[[ EXERCISE MATERIALS, beginning ]]

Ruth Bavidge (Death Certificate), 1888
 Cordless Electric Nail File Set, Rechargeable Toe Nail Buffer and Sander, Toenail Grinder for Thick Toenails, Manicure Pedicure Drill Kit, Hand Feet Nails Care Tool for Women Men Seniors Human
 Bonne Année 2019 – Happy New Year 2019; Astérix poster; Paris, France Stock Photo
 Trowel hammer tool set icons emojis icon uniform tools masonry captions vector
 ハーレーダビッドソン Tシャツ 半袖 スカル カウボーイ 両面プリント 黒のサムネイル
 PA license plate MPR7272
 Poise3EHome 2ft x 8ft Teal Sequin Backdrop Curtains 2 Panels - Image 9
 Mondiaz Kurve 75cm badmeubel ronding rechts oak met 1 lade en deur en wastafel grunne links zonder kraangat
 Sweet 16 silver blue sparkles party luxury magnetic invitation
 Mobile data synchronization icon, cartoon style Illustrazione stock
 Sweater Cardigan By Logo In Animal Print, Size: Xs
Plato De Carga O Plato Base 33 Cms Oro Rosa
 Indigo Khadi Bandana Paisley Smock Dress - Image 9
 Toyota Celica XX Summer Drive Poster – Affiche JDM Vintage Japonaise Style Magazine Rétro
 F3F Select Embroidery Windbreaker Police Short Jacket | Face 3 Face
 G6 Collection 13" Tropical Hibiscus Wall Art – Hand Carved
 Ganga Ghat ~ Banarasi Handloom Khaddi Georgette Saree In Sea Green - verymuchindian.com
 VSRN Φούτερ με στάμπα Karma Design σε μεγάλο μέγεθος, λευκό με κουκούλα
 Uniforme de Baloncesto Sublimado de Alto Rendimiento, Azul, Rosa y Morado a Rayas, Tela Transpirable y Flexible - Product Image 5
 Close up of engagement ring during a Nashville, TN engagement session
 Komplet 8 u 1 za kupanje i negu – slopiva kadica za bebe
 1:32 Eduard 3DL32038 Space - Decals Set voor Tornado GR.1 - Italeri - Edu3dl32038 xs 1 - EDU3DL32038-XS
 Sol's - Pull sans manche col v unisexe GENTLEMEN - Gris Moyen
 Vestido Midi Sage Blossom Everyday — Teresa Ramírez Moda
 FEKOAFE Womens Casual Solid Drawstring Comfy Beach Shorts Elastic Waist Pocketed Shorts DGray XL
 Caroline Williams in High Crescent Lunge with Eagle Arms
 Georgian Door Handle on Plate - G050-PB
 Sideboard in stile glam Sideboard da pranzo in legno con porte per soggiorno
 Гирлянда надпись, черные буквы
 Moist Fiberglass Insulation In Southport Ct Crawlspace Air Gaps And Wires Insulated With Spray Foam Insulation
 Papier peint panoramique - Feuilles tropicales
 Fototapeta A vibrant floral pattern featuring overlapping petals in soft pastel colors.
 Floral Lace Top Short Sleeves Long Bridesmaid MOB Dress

[[ EXERCISE MATERIALS, end ]]

> [EXERCISE INSTRUCTIONS]:
From the entries above, select each line containing the string "icon".

> [PROBLEM SOLUTION]:
 Trowel hammer tool set icons emojis icon uniform tools masonry captions vector
 Mobile data synchronization icon, cartoon style Illustrazione stock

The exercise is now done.